_Problem:_ Find the line with "May include: Blue" in the records below. Output exactly from there until after the line with "handmade artificial multicolored", without pictures.

_Data excerpts:_
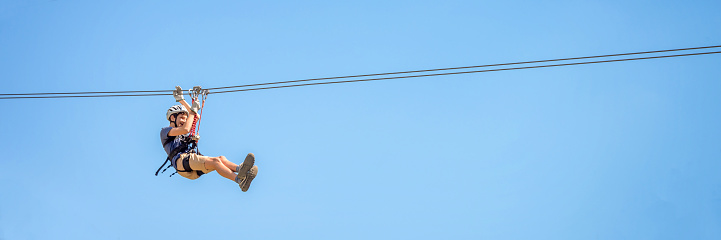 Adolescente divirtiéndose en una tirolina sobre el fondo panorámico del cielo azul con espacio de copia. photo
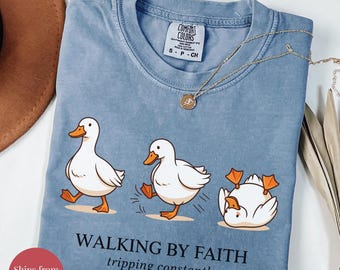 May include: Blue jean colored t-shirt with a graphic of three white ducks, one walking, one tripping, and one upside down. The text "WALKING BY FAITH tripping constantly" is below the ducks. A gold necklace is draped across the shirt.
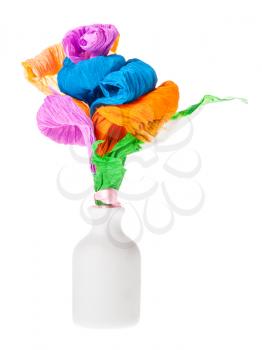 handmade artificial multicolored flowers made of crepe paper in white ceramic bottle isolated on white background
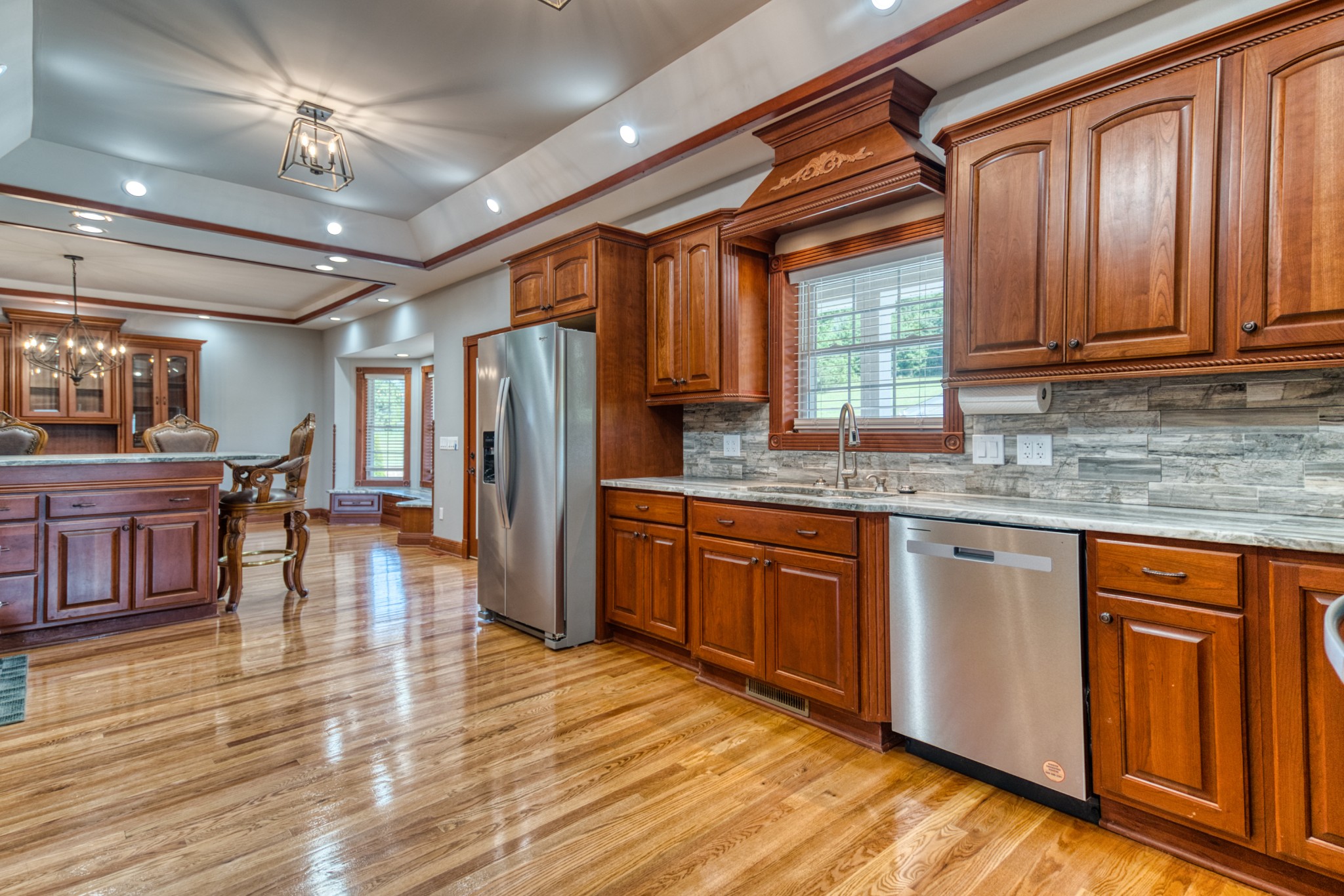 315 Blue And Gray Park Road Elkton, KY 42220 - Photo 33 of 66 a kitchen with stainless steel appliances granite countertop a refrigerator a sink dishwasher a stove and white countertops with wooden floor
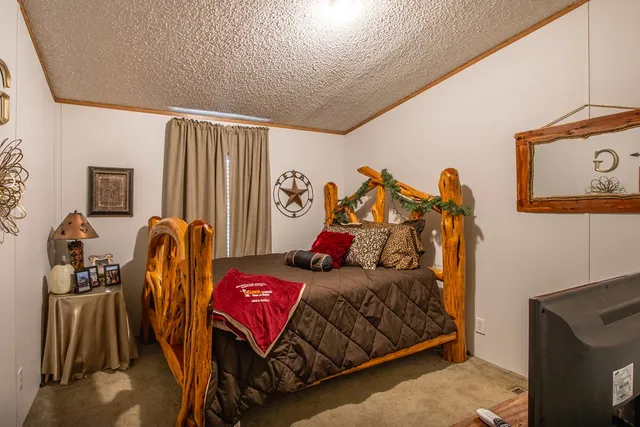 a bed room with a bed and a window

* * *

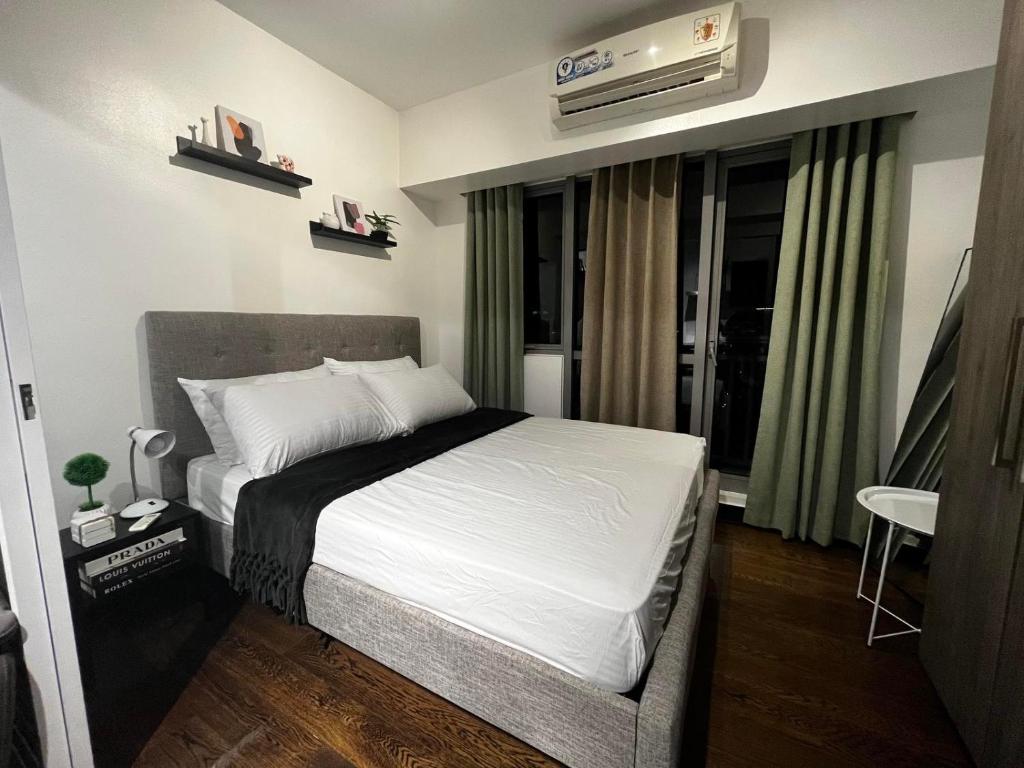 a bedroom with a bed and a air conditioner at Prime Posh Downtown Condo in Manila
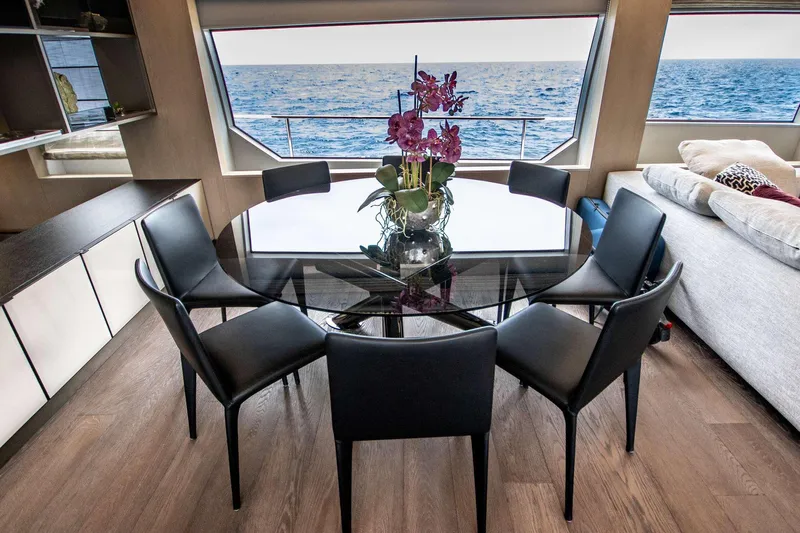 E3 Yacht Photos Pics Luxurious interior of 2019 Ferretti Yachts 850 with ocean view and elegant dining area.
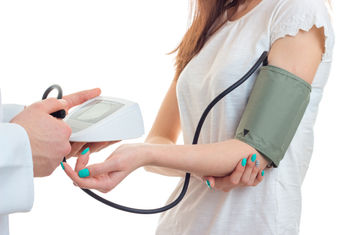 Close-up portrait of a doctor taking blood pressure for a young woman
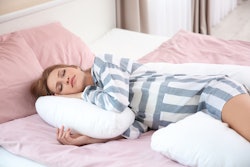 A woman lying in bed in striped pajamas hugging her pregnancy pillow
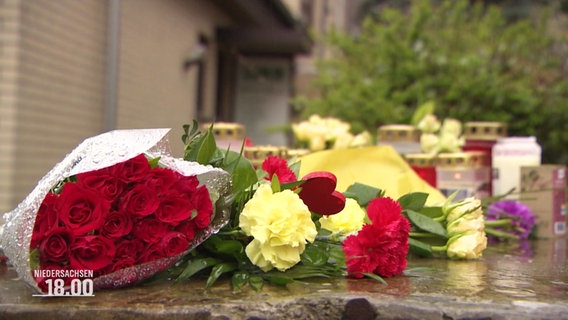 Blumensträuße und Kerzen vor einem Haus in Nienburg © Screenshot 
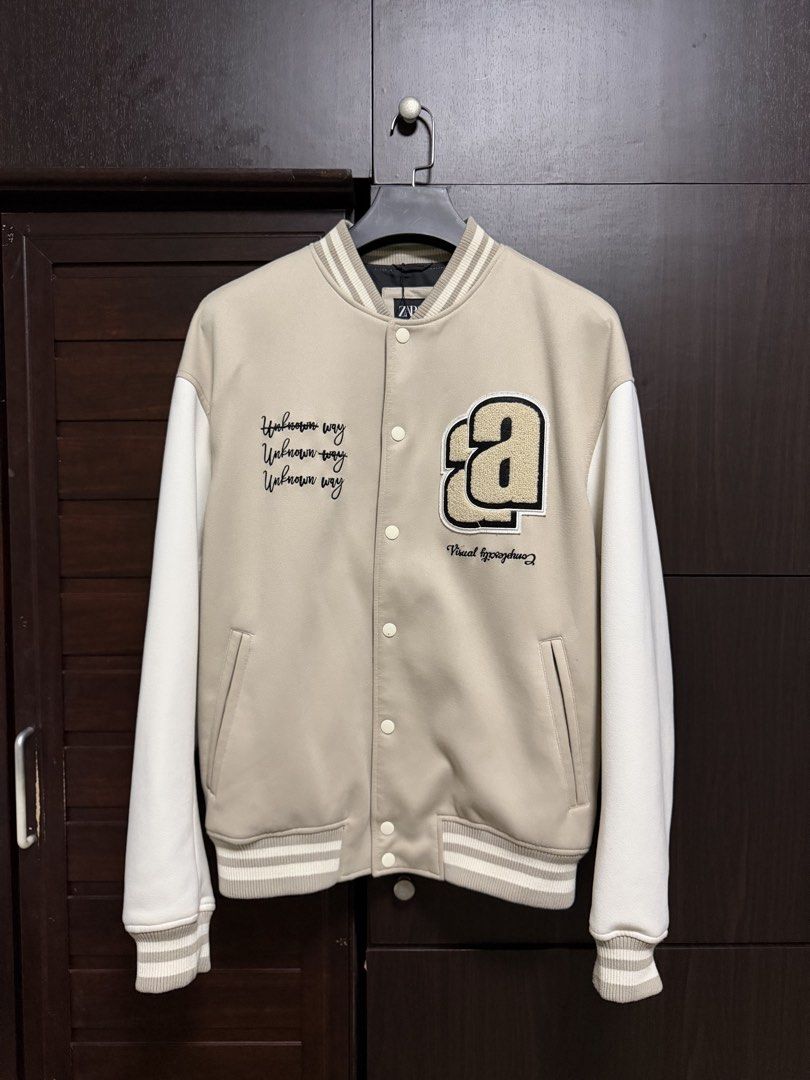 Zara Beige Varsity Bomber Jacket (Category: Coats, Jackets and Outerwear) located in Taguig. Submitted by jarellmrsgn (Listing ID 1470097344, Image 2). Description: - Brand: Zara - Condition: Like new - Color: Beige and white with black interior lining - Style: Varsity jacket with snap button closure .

* * *

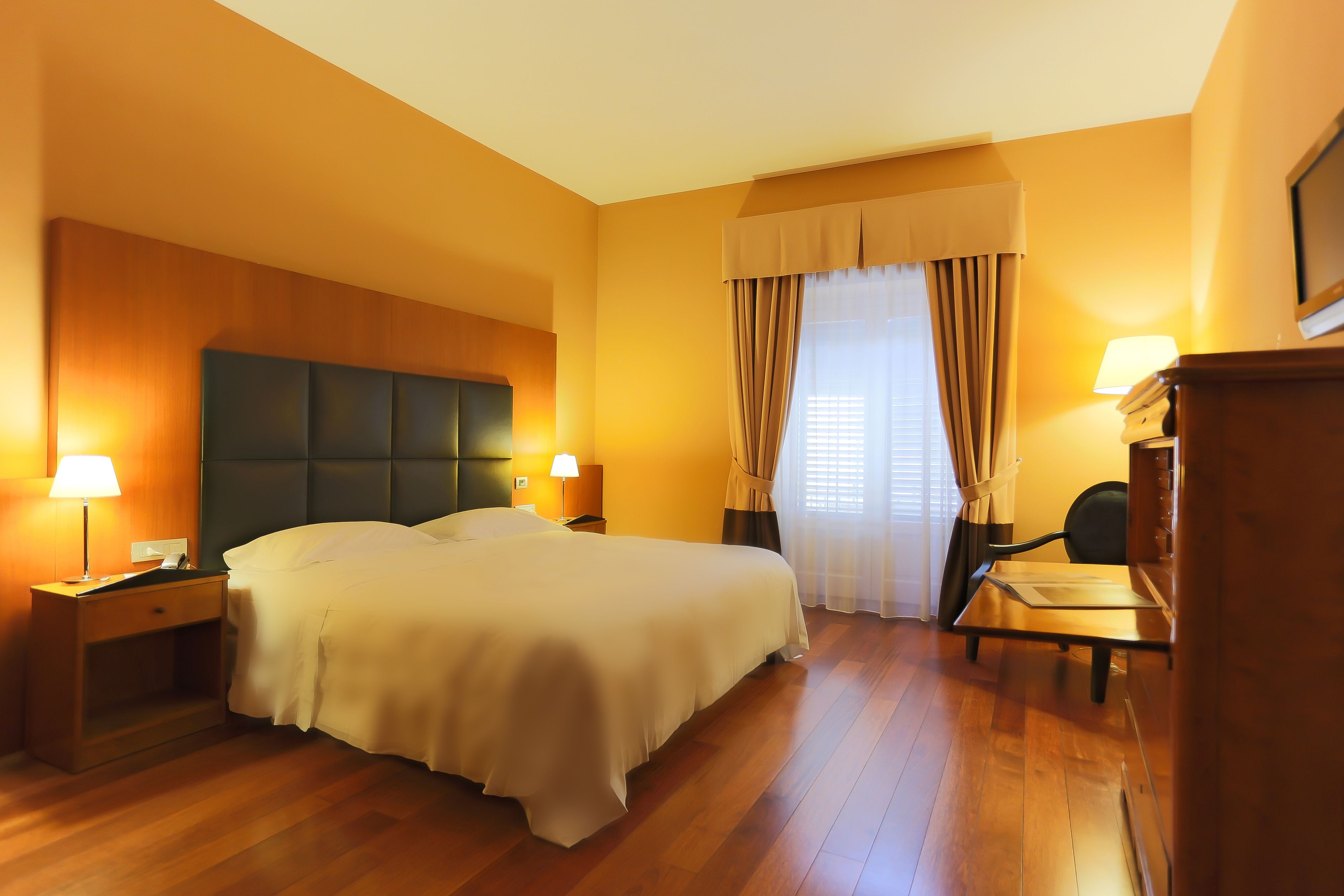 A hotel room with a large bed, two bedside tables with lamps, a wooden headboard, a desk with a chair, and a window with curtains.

_Task output:_
 May include: Blue jean colored t-shirt with a graphic of three white ducks, one walking, one tripping, and one upside down. The text "WALKING BY FAITH tripping constantly" is below the ducks. A gold necklace is draped across the shirt.
 handmade artificial multicolored flowers made of crepe paper in white ceramic bottle isolated on white background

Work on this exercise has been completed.